The main thing that separates The Make Believe from our past demos is the recording process. We were able to go to a studio (Legitimate Business, Greensboro, NC) and work with someone (Kris Hilbert) who understood our intent and was able to turn it into a reality. Hopefully one day we can give two of our previous singles, “How The End Always Is” and “Myself To You” the same treatment that we did The Make Believe. It would be great to hear those songs reach their full potential. Regardless – It was a really rewarding experience after recording in bedrooms and practice spaces for the year or so that we’ve been an active band. In that time, we’ve had a few line-up changes and adjusted our direction completely. The first show we ever played back in August of 2012 was supposed to also be our last show. But, as you know, we kept it going and eventually decided we wanted to take it seriously so here we are. In regards to the spoken vocals, I guess I drew a lot of influence from The Sisters of Mercy and various other post-punk/no-wave groups and tried to reproduce a similar tone.
“I’m Tired Of Being Awake” is really impressive. It kind of sounds like it cycles through every stage of insomnia from cold, lonely anxiety to the spastic feel of the insane drum break around :50 seconds in to the 1:30 mark super heavy section. Do you guys map out your songs exactingly or “feel” it out?
“I’m Tired Of Being Awake” was written in two sessions with just our guitarist Jonathan and our drummer Josh. It was one of the first songs we wrote when we started to take Darkentries more seriously. I know Jonathan was listening to His Hero Is Gone, Eyehategod, and Dystopia a great deal at the time so that may have played a role in making it one of our faster songs. For about six months, Darkentries was a four-piece band practicing rarely and playing the occasional punk show since they were the only ones that had any interest in seeing us. Regardless ñ I remember playing the song for the first time and it feeling different. I think that was the first song that had the sound we had been looking for and started the path to where we are now. Once our second guitarist moved back to Columbia and rejoined the band, we reassessed the song and actually decided to rerecord it last minute in the studio with Kris – just because we had extra time to do so. It was great to finally give that song the recording we felt it deserved.

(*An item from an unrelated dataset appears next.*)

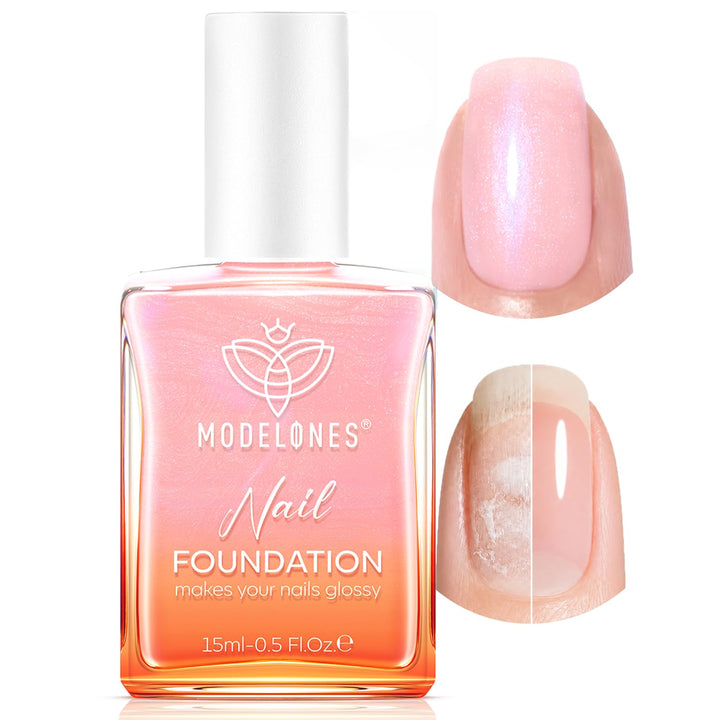 modelones bottle front showing sparkle pink polish and protective shine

How did Darkentries get to know Kylesa and what has the experience been like with Retro Futurist? I love every band on the label so far.
We finished The Make Believe and had been sitting on it for a few months looking for someone appropriate to release it with when our friend Troy from Burnt Books pointed us toward Phil from Kylesa. We emailed him the record and shortly after, he asked to put it out on Retro Futurist. It was wild how smooth that process was after several months of being frustrated. Working with Retro Futurist has been great thus far. We’re all fans of Kylesa’s music so to be able to work with them and be a part of their label with other great bands is an awesome experience.

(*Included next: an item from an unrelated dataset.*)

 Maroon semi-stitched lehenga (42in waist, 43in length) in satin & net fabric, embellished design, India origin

Do you consider yourselves a specific genre at all? It sounds like there are no rules but there is a mix of almost every relevant form of more underground metal that I can think of. Your record made me actually miss that band The End. Their early stuff for Relapse was pretty cool.
The genre question is something that comes up often and we still don’t have a definite answer. I think what led to the “no rules” sound is the mentality we took into writing this record. There was no single band we all decided to collectively sound like and write a [insert band name]-worship record. We just all wrote what we liked and it came together to be The Make Believe. I’ve always appreciated those bands that you can hear and know immediately who it is even though you may have never heard the song specifically. They’ve designed a sound so distinct that even a fleeting listen can distinguish them from everything else. I think that’s something that has been a goal for all of us- to create and own a sound that’s completely ours. Hopefully we get to that point.

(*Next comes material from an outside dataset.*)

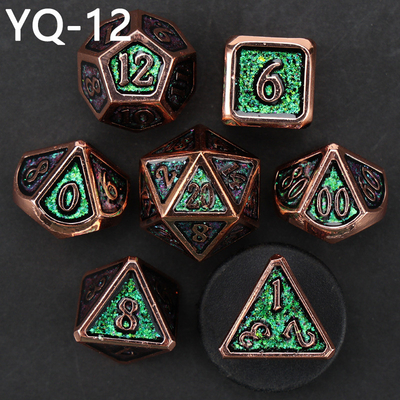 Metal DND dadu yang disesuaikan warna solid polyhedron logam dadu set dengan angka perak, digunakan untuk permainan catur D &amp; D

Was it hard to pick the track order for this release? Each song makes a statement, but the melancholy intro of “TV Fuzz” sets a somber tone from the start.
The beginning of a record can make or break what someone thinks of it as a whole. If someone sits down and starts from the first song and doesn’t immediately like what he/she hears, there’s a chance they’ll quickly move on to something that better suits their interest. In starting the record with “TV Fuzz”, we wanted to set a tone that goes beyond just another heavy record. It was written from the start to be the first song and took about a year to finalize and perfect it in the way it’s heard on The Make Believe. While it is gradual, it’s one of my favorite parts of the record and I couldn’t be happier with it’s turn out.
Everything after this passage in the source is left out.